Así, para terminar, vuelvo al comienzo. ¿Cómo justificar mi título? Me explico. Un día, en París, meditando sobre estos asuntos me puse a pensar en dos amigos peruanos que escriben allá. Uno de ellos, Patrick Rosas, no hace otra cosa que intentar escaparse de la literatura peruana. Es alguien que incluso evade en su literatura todo referente concreto al Perú. Alguien que sería feliz si lo tomaran por un escritor sin patria. El otro, Goran Tocilovac, es un serbio, un yugoslavo de la Yugoslavia que fue, que tras haber hecho estudios en San Marcos, sólo sueña con que lo consideren como un escritor peruano, como parte de la literatura nuestra, al punto que actualmente acaricia el proyecto de irse a vivir al norte del Perú para escribir una novela sobre el Señor de Sipán. Ambos necesitan sus sueños para poder existir. Dinámicas de exclusión e inclusión en la narrativa peruana de hoy. Ambos representan el movimiento nuestro y para nada tienen en cuenta la intervención o la existencia de los negadores, de los expulsadores, de los guardianes lamentables de templos desolados y vacíos.
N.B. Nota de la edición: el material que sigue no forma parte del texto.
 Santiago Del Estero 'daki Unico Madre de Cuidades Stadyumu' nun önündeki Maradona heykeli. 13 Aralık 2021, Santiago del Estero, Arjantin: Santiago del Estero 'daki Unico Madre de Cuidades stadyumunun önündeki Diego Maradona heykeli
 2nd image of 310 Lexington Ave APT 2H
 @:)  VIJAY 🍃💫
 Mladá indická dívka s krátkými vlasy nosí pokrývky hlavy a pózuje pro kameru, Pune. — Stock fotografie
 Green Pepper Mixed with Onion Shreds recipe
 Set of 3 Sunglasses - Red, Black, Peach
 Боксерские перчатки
Esta es la escuela de París, una escuela cuyos espacios aún son recorridos por las sombras de nuestros grandes hermanos mayores. Una escuela signada sólo por su apertura y pluralidad, pero que como escuela propiamente dicha no existe, nunca existió, como no existe la escuela de Madrid, de Nueva York o de Tokio, ni siquiera la de Cusco, de Chiclayo o de Madre de Dios. Existe simplemente la propuesta hoy más que nunca polifacética y versátil de los nuevos escritores peruanos. Su capacidad de crear mundos, que cambian como el mundo que nos ha tocado, ilustra de algún modo, para mí, el espíritu que anima la eclosión de la actual narrativa peruana, a la que una sola palabra puede definir. Una palabra. Tomémosla prestada a un sonoro poeta peruano de los años 50: Libertad. Los escritores peruanos de hoy trabajamos con una libertad que nadie podrá expropiárnosla, ni siquiera nosotros mismos.